Dalam rekaman CCTV, para pelaku berbagi tugas. Dua pelaku beraksi dan dua lainnya menunggu di sepeda motor. Bak seorang ninja, pelaku bersembunyi menghindari pengawasan saat melakukan aksi kejahatannya. Peristiwa itu terjadi sebelum salat Jumat (6/5), pekan lalu dan baru diketahui beberapa hari kemudian.

Bacaan Lainnya

Pelaku terlihat mengendap-endap dan tiarap sebelum mengembat dua kotak amal dari kayu. Benda itu berada tepat di depan masjid. Diduga aksi itu sudah direncanakan. Berdasarkan keterangan pengelola masjid, kotak amal itu tidak ada uangnya, sehingga para maling tersebut hanya membawa kotak kosong.

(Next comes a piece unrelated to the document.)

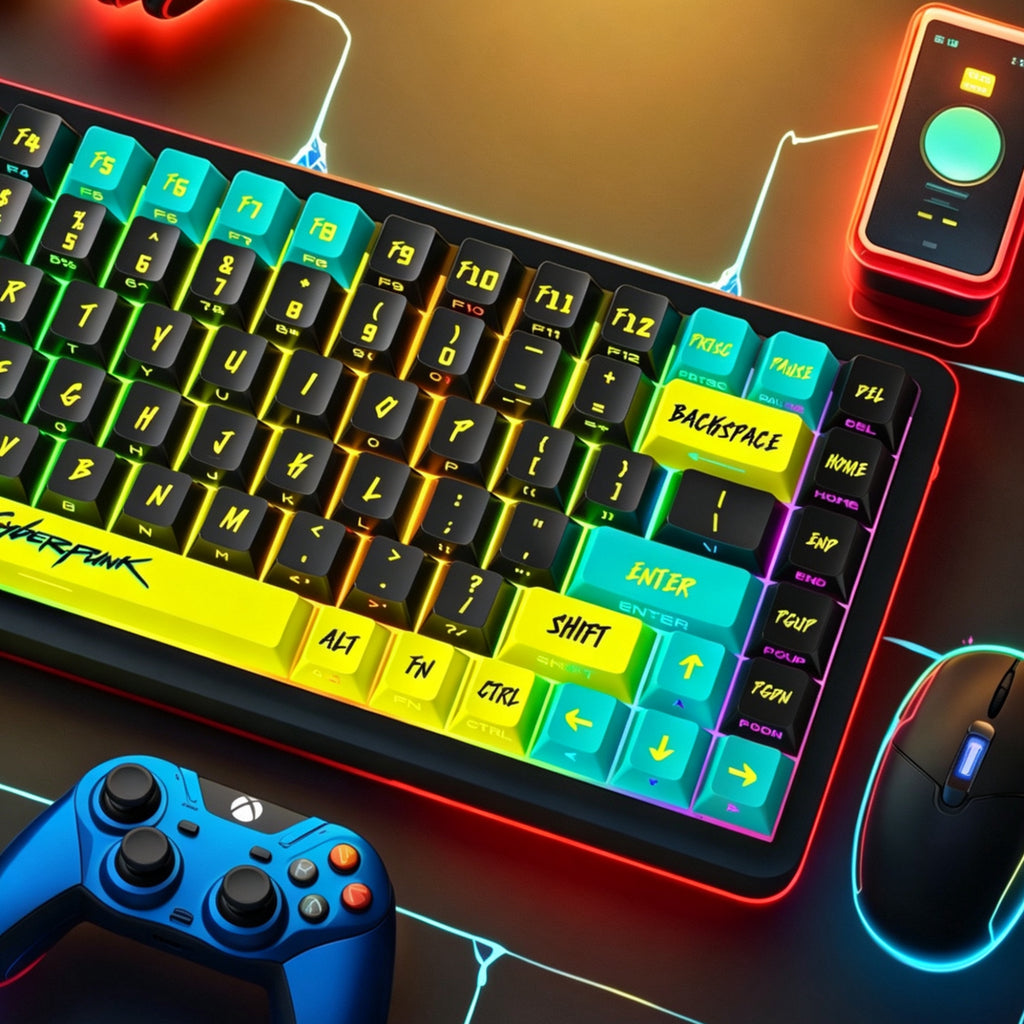 Cyberpunk PBT Keycaps for Gaming & Custom Setups Cherry Profile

Baca Juga :  Awas!!! Maling Motor Kembali Beraksi, Ditinggal Sebentar, Motor Bisa Dicuri

Meski tak dilaporkan ke polisi, kejadian itu membuat pengelola masjid meningkatkan pengawasan. Apalagi aksi pencurian sudah kerap terjadi. Terlebih saat sebelum masjid itu dibangun pagar dan dipasangi kamera CCTV.

”Pelakunya empat orang menggunakan dua motor. Dua pelaku beraksi mencuri dan dua lainnya menunggu di sepeda motor di samping masjid,” kata marbot masjid Ahmad Marjuki, Jumat (13/5).

Marjuki menuturkan, dua kotak amal itu tidak ada uangnya lantaran sebelum kejadian, uang dalam kotak tersebut sudah diambil pengelola masjid. Menurutnya, di masjid tersebut sudah beberapa kali terjadi pencurian kotak amal. Namun, pihaknya tidak bisa merinci kerugian yang ditimbulkan.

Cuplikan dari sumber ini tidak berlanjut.